[[ Input data open ]]

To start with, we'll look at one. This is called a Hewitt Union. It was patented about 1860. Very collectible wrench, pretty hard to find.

[[ Input data closed ]]
[[ Input data open ]]

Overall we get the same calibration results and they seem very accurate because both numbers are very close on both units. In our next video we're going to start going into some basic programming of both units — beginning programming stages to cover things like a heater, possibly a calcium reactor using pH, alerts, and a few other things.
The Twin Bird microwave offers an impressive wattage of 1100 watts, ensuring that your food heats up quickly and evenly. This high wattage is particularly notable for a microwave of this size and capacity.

[[ Input data closed ]]

_Task brief_: Please report every line among the entries that includes "This".

_Task output_:
To start with, we'll look at one. This is called a Hewitt Union. It was patented about 1860. Very collectible wrench, pretty hard to find.
The Twin Bird microwave offers an impressive wattage of 1100 watts, ensuring that your food heats up quickly and evenly. This high wattage is particularly notable for a microwave of this size and capacity.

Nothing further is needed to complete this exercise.